=== Section Start ===

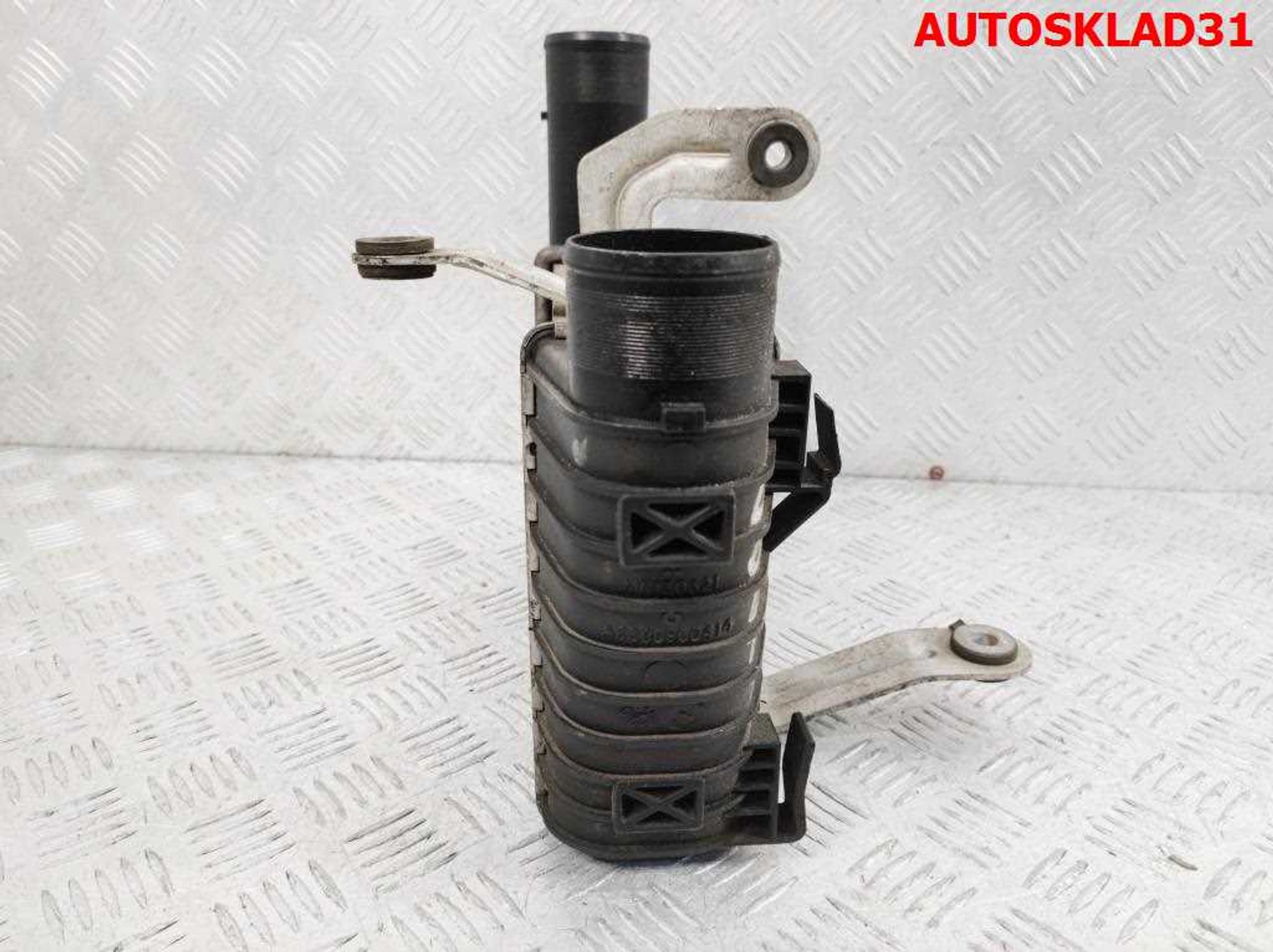Интеркулер Mitsubishi Colt 1,5 Дизель MN130321, 10000 рублей, Дубовое
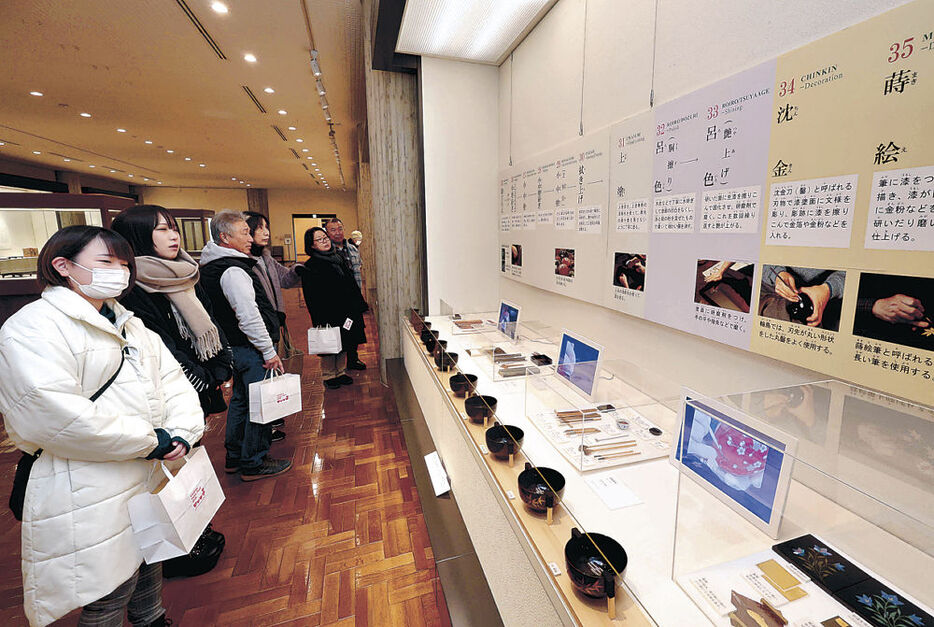 漆芸作品のコレクション展を鑑賞する来場者＝１日午前９時１５分、輪島市の石川県輪島漆芸美術館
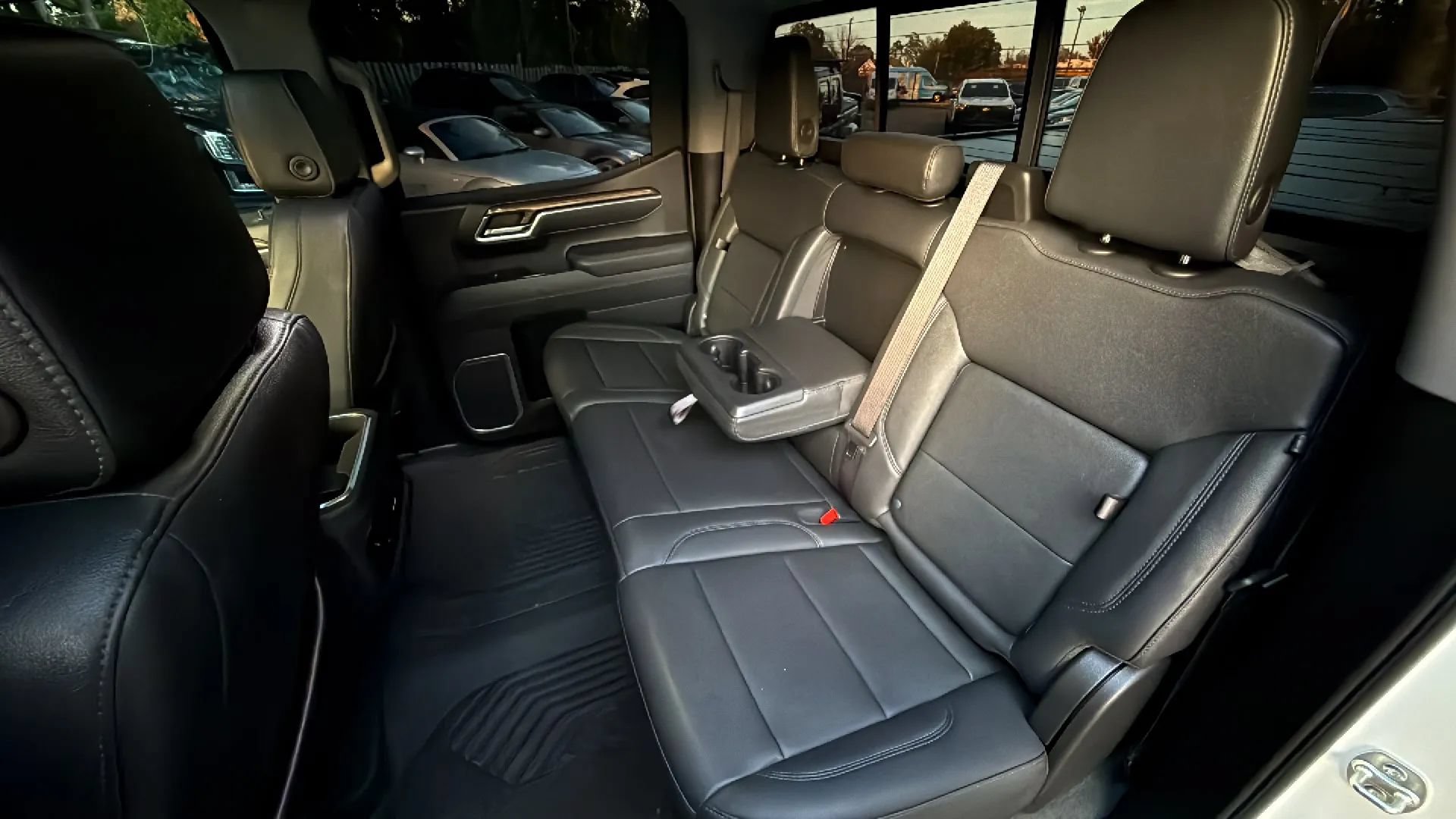 Used 2025 Chevrolet Silverado 1500 LT Trail Boss w/ Dark Appearance Package AWD/4WD image 25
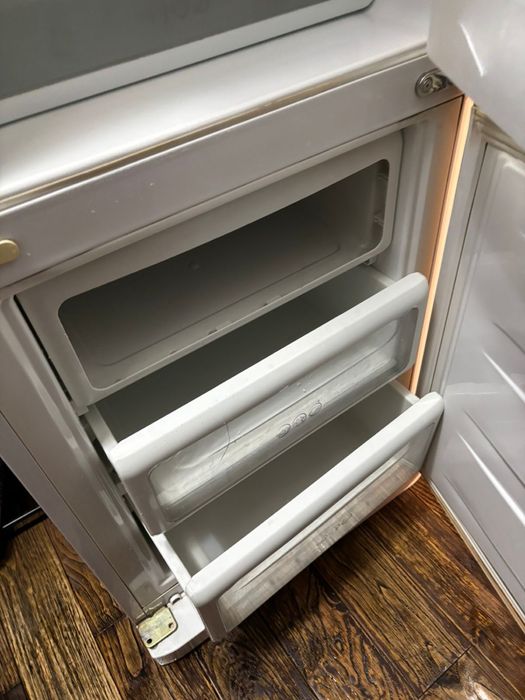 Срочно продам холодильник б/у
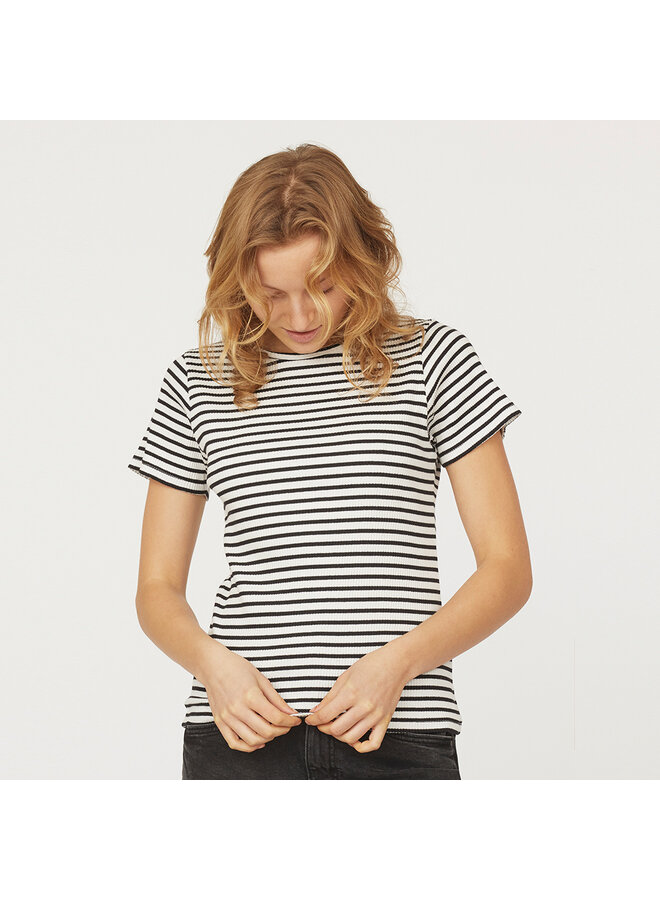 T-shirt Eike - Fitted Rib Top | Sisters Point | Jozemiek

=== Section End ===

■ **Problem requirements**: No pictures belong in the copy. Return exactly the lines from the line containing "漆芸作品のコレクション展を鑑" through the last line of the listing.

■ **Response**:
 漆芸作品のコレクション展を鑑賞する来場者＝１日午前９時１５分、輪島市の石川県輪島漆芸美術館
 Used 2025 Chevrolet Silverado 1500 LT Trail Boss w/ Dark Appearance Package AWD/4WD image 25
 Срочно продам холодильник б/у
 T-shirt Eike - Fitted Rib Top | Sisters Point | Jozemiek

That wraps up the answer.